[EXTRACTED RECORDS — start]

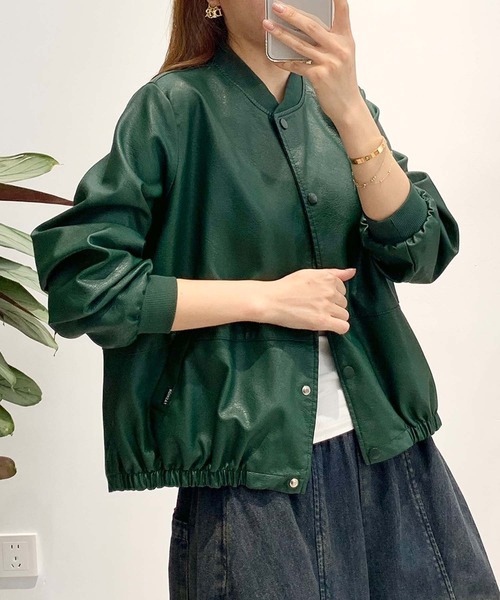 aimoha(アイモハ)の「PUマットボマージャケット(ノーカラージャケット・レディース・ブラック/ダークグリーン/カーキ・LARGE/MEDIUM)」の22枚目の写真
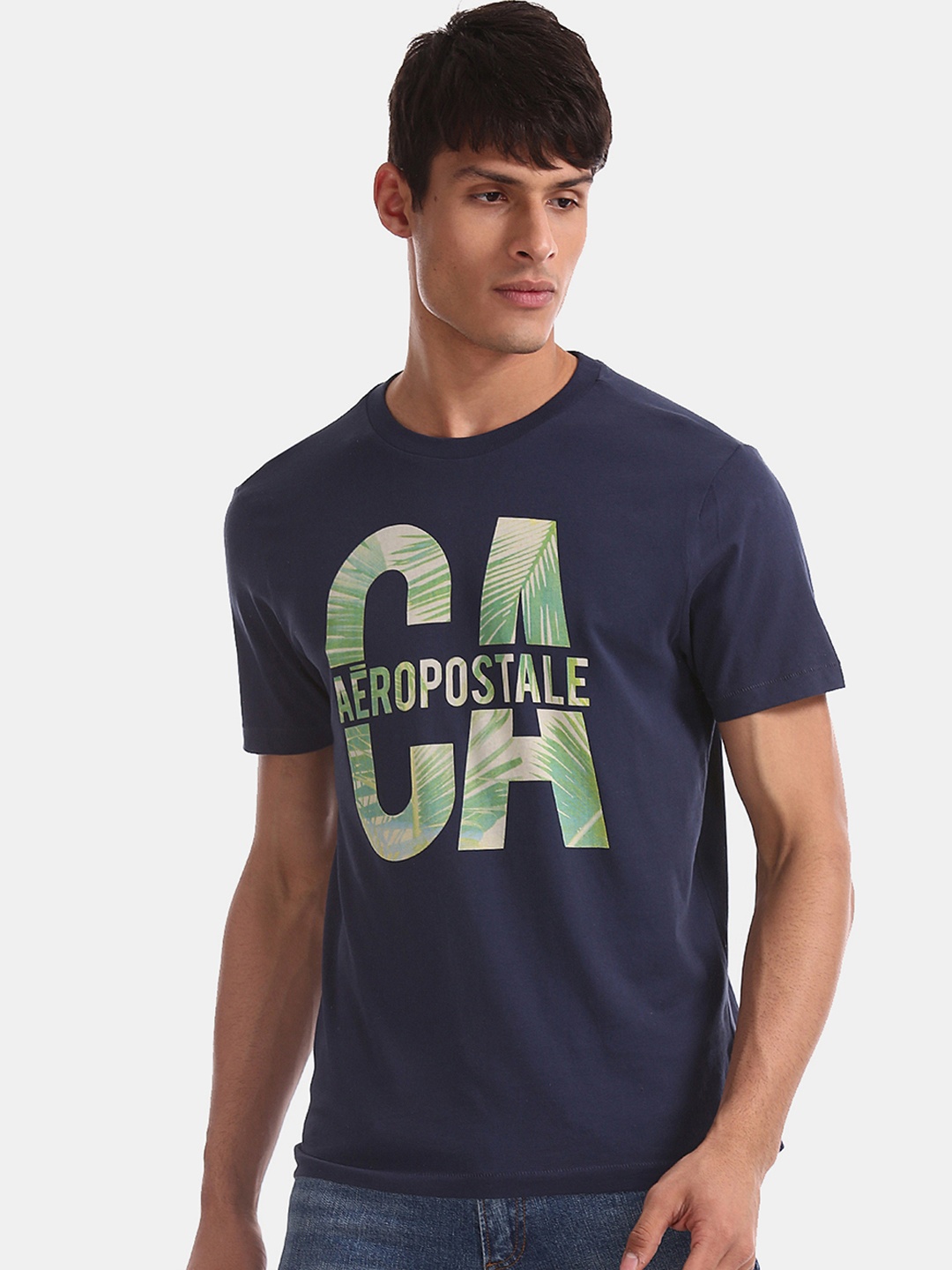 

Aeropostale Men Navy Blue Printed Round Neck Pure Cotton T-shirt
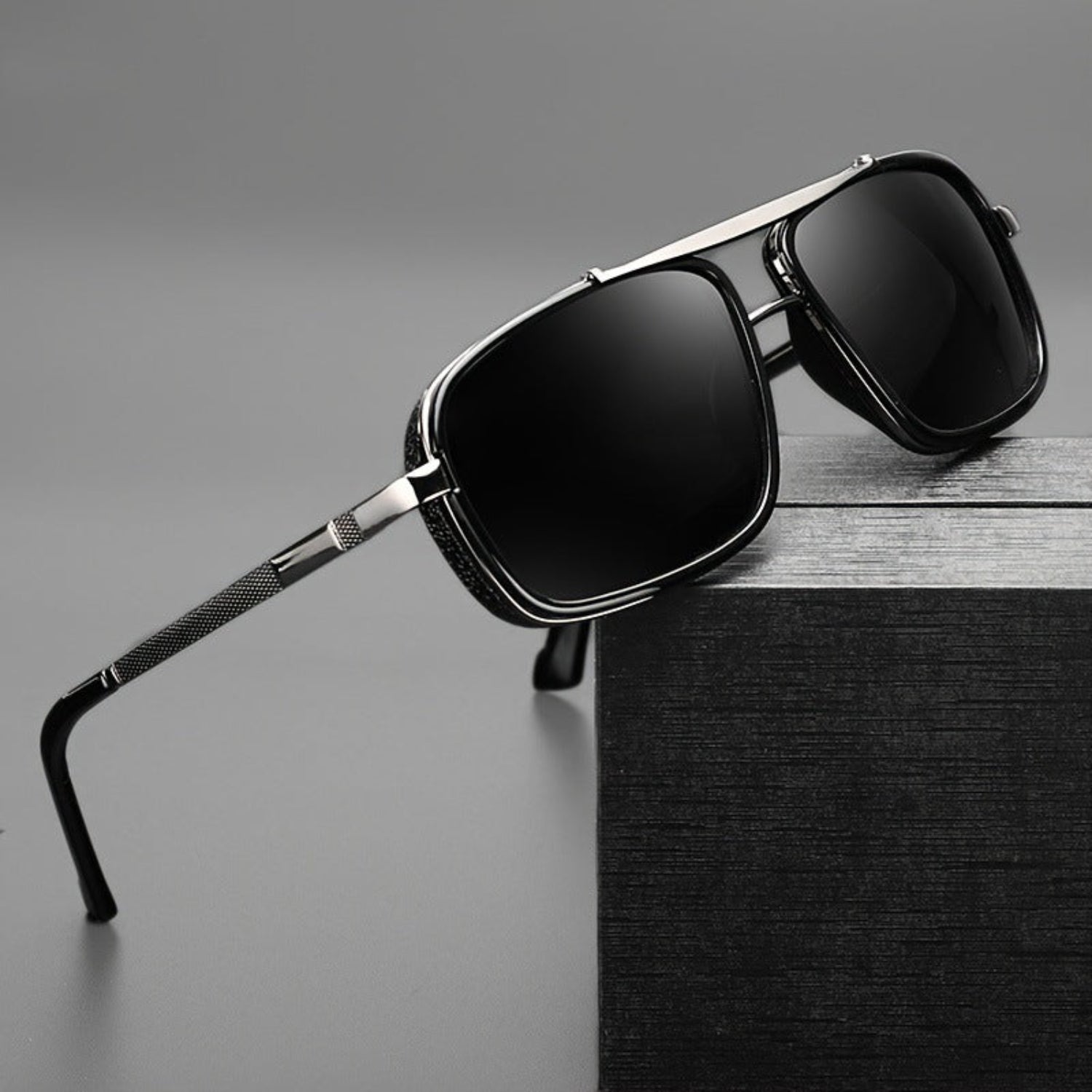 Gunmetal Black Square Shield Sunglasses JLTG0148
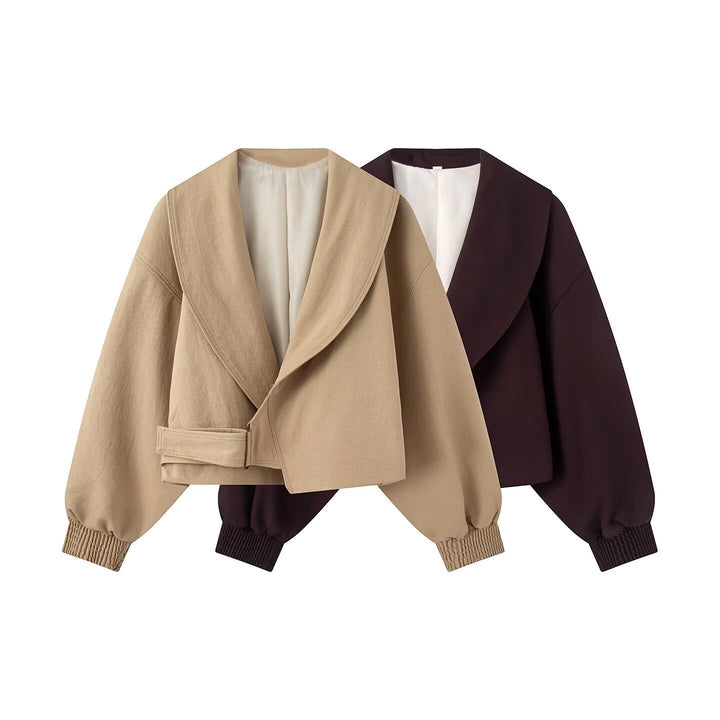 Women's short jacket with wide shawl collar, tailored tie belt and balloon sleeves Mune Fashion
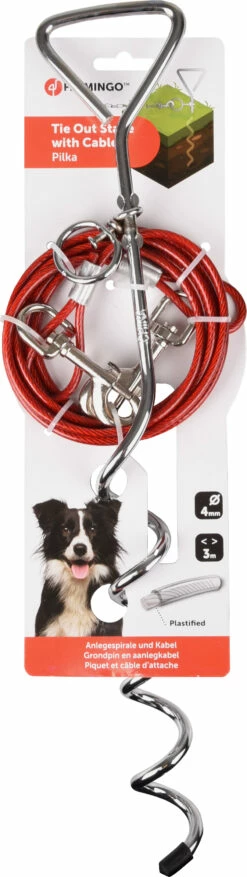 Flamingo Piquet D'attache Pilka 46cm Avec CÃ¢ble 3m -Promos VetoStore Boutique f75224216bc5c850a3d6dfb56ce57830fc0129e1c33e21b49e2f9e541f06bf8e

[EXTRACTED RECORDS — finish]

### DIRECTIONS:
In the entries above, find the line containing "Women's short jacket". Transcribe it and every later line to the end, exactly, and leave out the pictures.

### EXERCISE RESULT:
 Women's short jacket with wide shawl collar, tailored tie belt and balloon sleeves Mune Fashion
 Flamingo Piquet D'attache Pilka 46cm Avec CÃ¢ble 3m -Promos VetoStore Boutique f75224216bc5c850a3d6dfb56ce57830fc0129e1c33e21b49e2f9e541f06bf8e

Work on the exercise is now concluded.